- **GIVEN ENTRIES**:
********

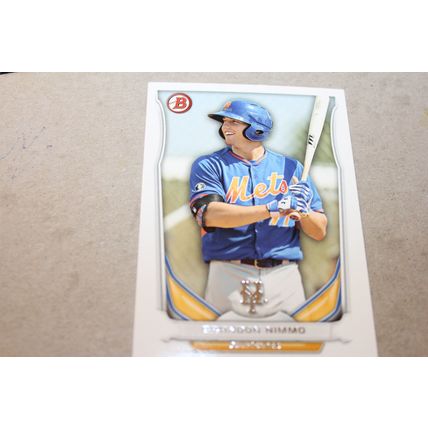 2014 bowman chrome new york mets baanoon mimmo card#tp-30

********

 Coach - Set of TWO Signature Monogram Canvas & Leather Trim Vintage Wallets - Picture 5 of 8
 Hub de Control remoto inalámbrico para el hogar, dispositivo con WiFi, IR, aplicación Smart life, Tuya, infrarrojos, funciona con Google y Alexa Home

********

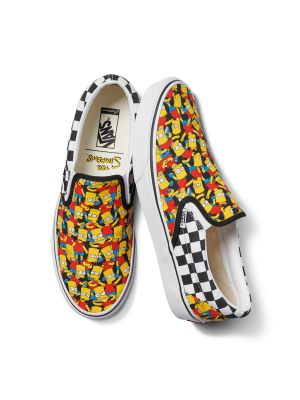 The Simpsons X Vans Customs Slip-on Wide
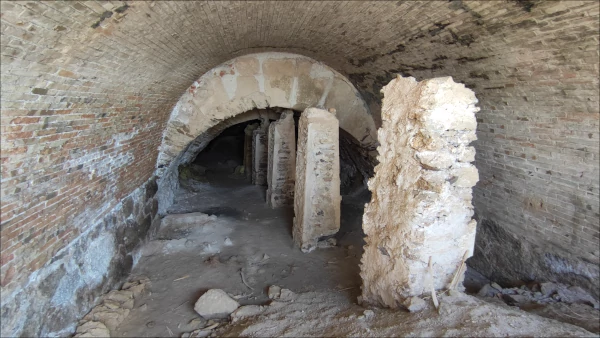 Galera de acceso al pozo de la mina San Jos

********

- **AIM OF THE TASK**:
Return exactly the lines that appear in the data above between the line containing "The Simpsons X Vans Customs Slip-on Wide" and the line containing "Galera de acceso al pozo de la mina San Jos", both of which are included, and leave the pictures out.

- **RESULT FOR THIS EXERCISE**:
 The Simpsons X Vans Customs Slip-on Wide
 Galera de acceso al pozo de la mina San Jos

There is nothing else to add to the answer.